Managers, politicians and regulators should pay less attention to the four-hour waiting time target in A&E, according to a think tank report featured in The Guardian this morning.

The Nuffield Trust says that the four-hour target has come ‘to loom over every other measure’ in monitoring emergency care.

Nigel Edwards, chief executive of the Nuffield Trust, said: ‘Politicians and regulators need to stop micro-managing this target and should instead examine how to put the four-hour target on an equal footing with other critical indicators like trolley wait or time to treatment.’

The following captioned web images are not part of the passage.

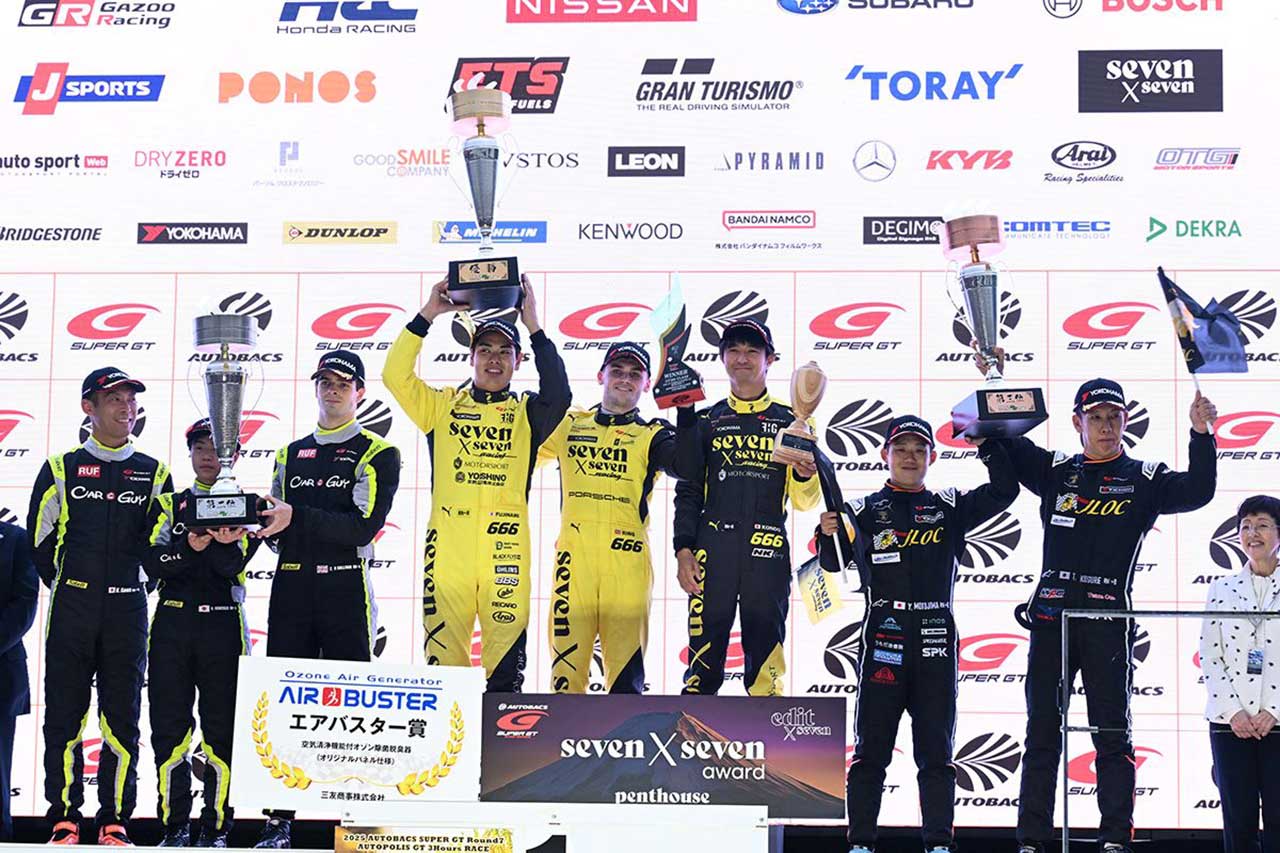 2025スーパーGT第7戦オートポリス　GT300クラス表彰式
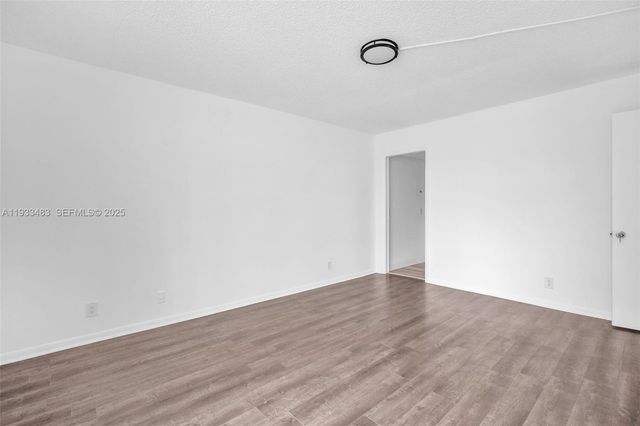 3361 NW 47th Ter 220, Lauderdale Lakes, FL 33319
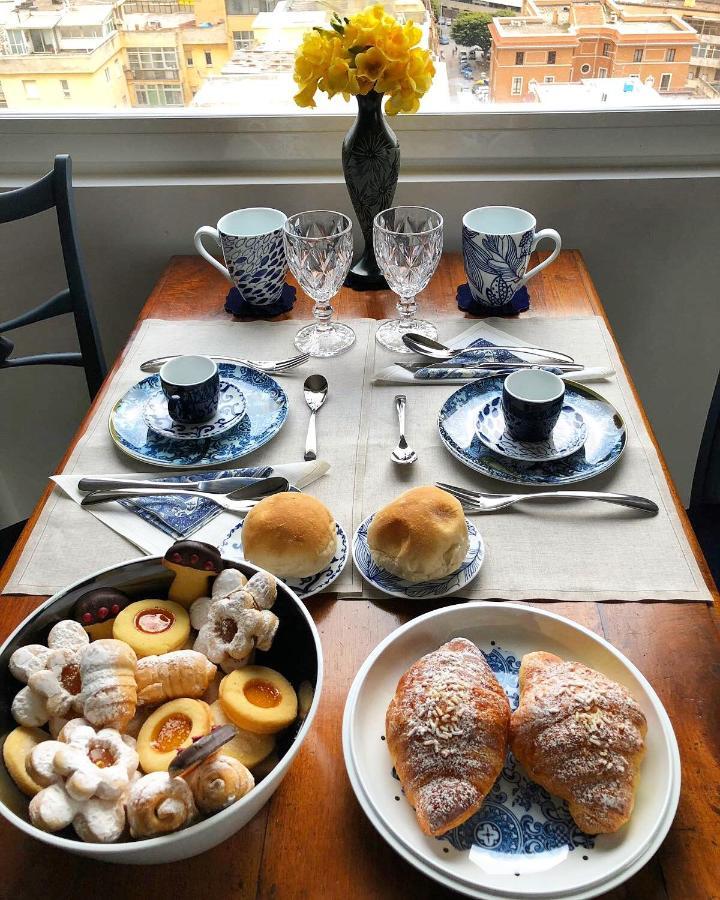 Eleventh Floor Suites Каляри Екстериор снимка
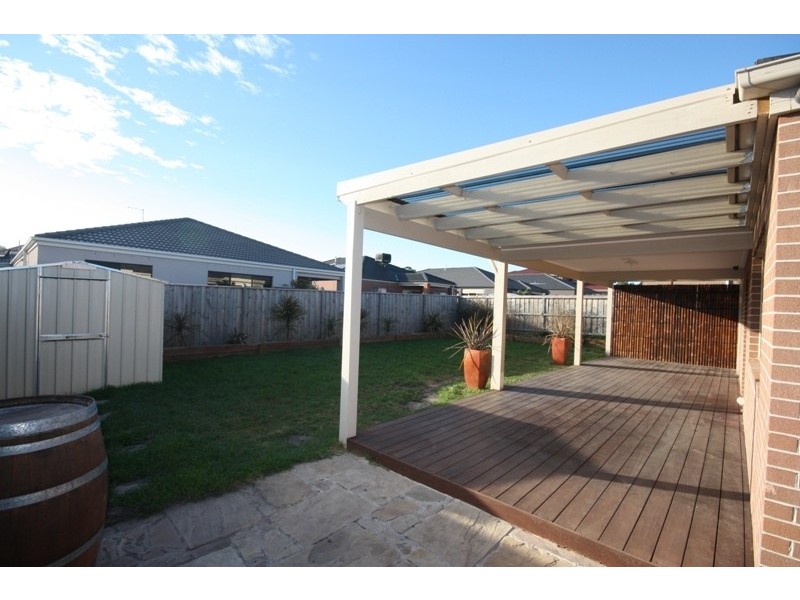 6 McGarvie Drive, Cranbourne North VIC 3977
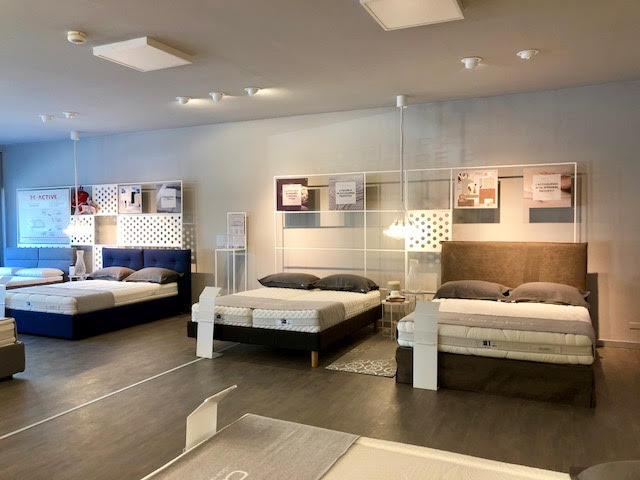 DorelansulWeb's tweet photo. 😍Vi presentiamo il #DorelanBed di #Lissone con una nuova veste: un ambiente emozionale totalmente rinnovato, che racchiude al suo interno tutta la qualità Made in Italy dei prodotti dedicati alla zona notte firmati #Dorelan. 
#INegoziDeiTuoiSogni #DormireBene #VivereMeglio https://t.co/ExvZhG9y32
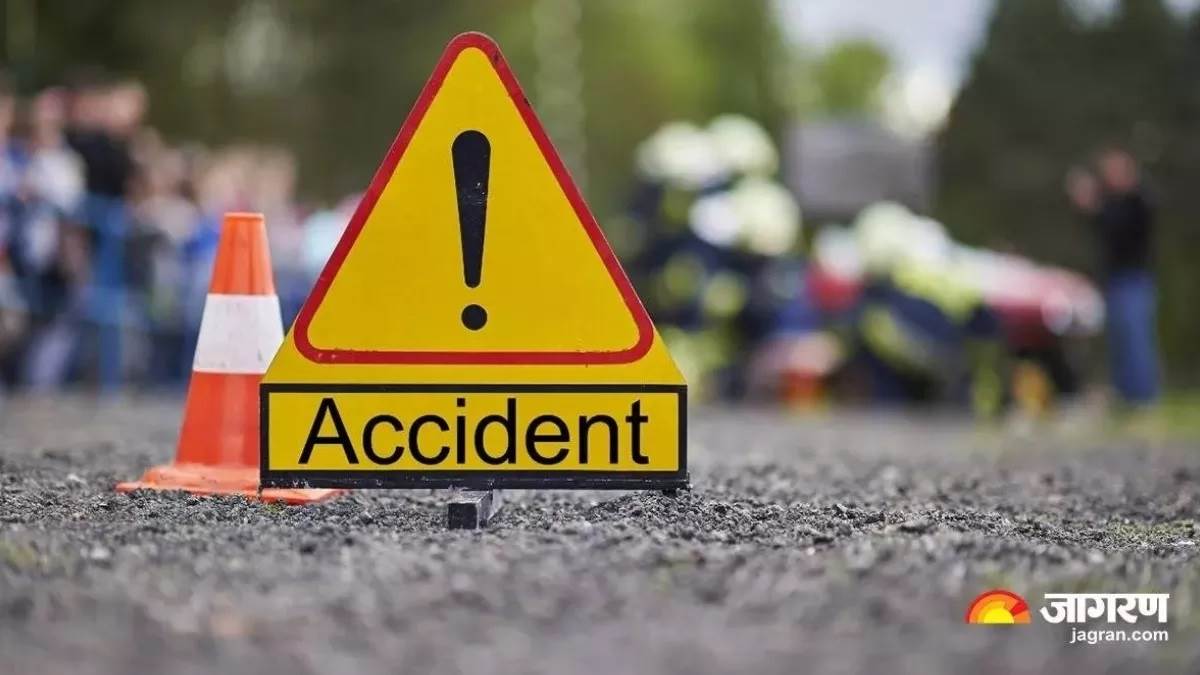 srinagar news mother daughter injured in pulwama road accident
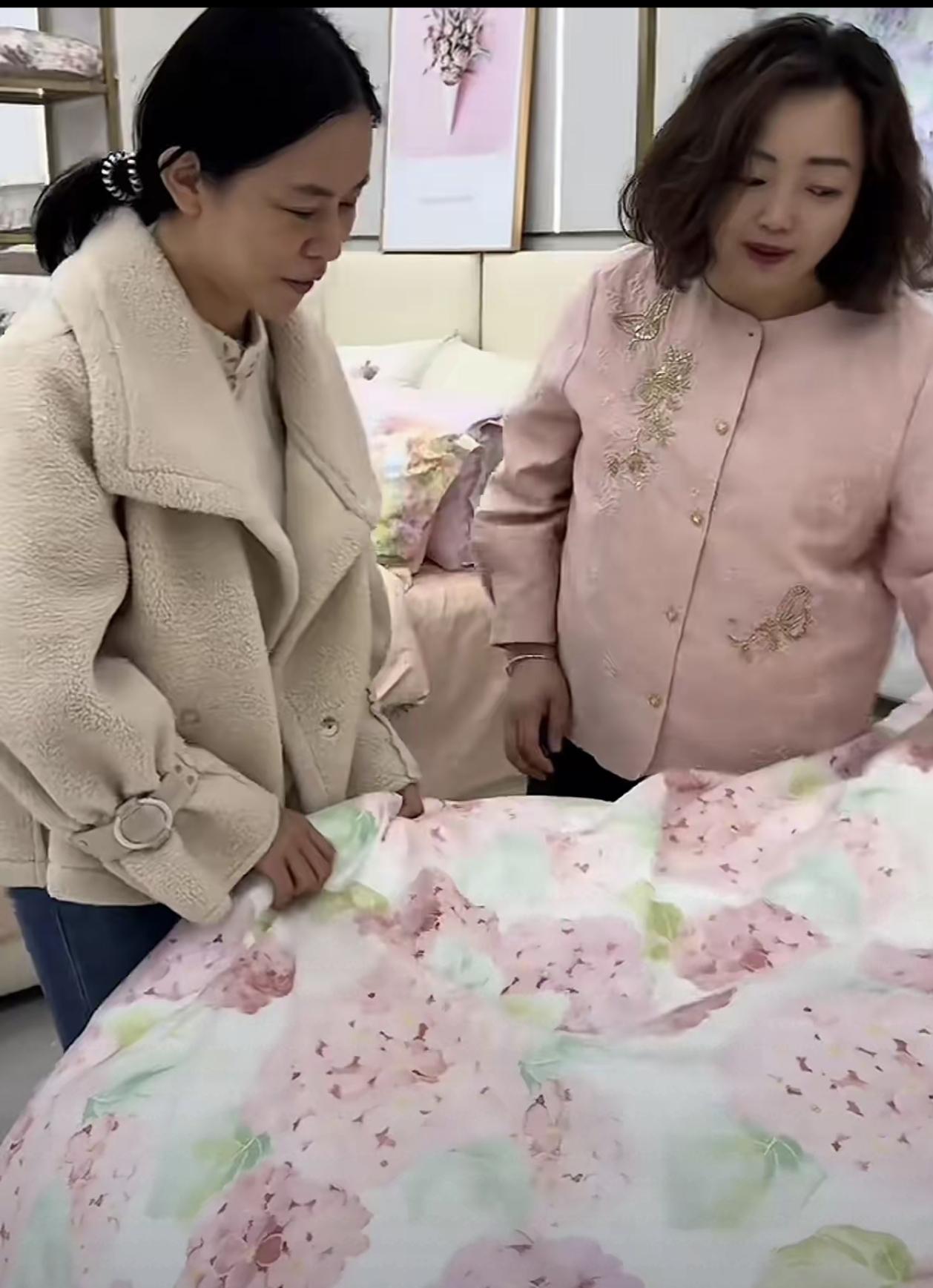 家好，今天想聊聊寻亲圈的事。李鑫和他养家人，一晚上之间把所有认亲SP都删了。
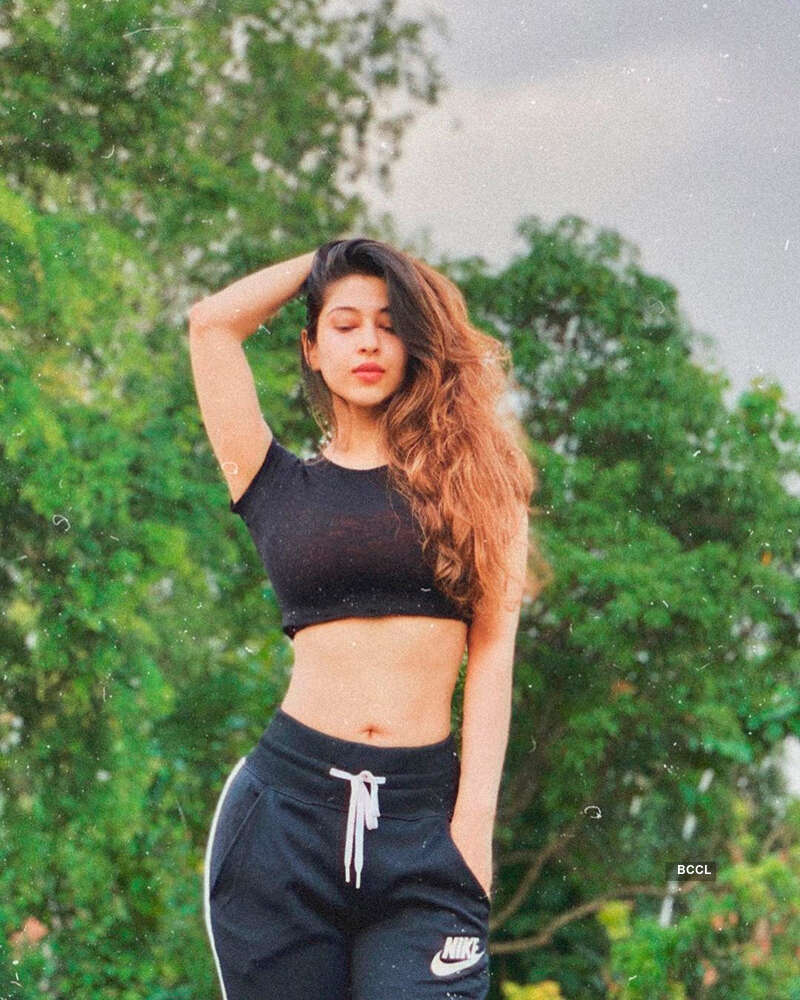 <BR> is turning heads with her bewitching pictures <BR> is turning heads with her bewitching pictures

The Telegraph are reporting the Lancet journal’s unusual decision to publish their own ‘manifesto for health’ in a strongly worded editorial which attacks the ‘culture of blame, fear, and intimidation in the UK’s health system.’

The journal says that, following scandals such as Mid-Staffs and Shipman, regulation ‘is used as a tool to threaten, punish, and harm’.

The professionals in the NHS, it says, ‘are seen as problems to be managed. An obsession with inspection has also blinded us from thinking about health as more than a health-sector issue’.

And the BBC is reporting that common chemicals which disrupt human hormones could cost over €150bn a year in damage to human health in Europe.

A series of studies presented to the annual meeting of the Endocrinology Society said that limiting exposure to endocrine-disrupting chemicals (EDCs) could have significant benefits. The chemicals have been linked with declining sperm counts, some cancers, impaired intelligence, obesity and diabetes.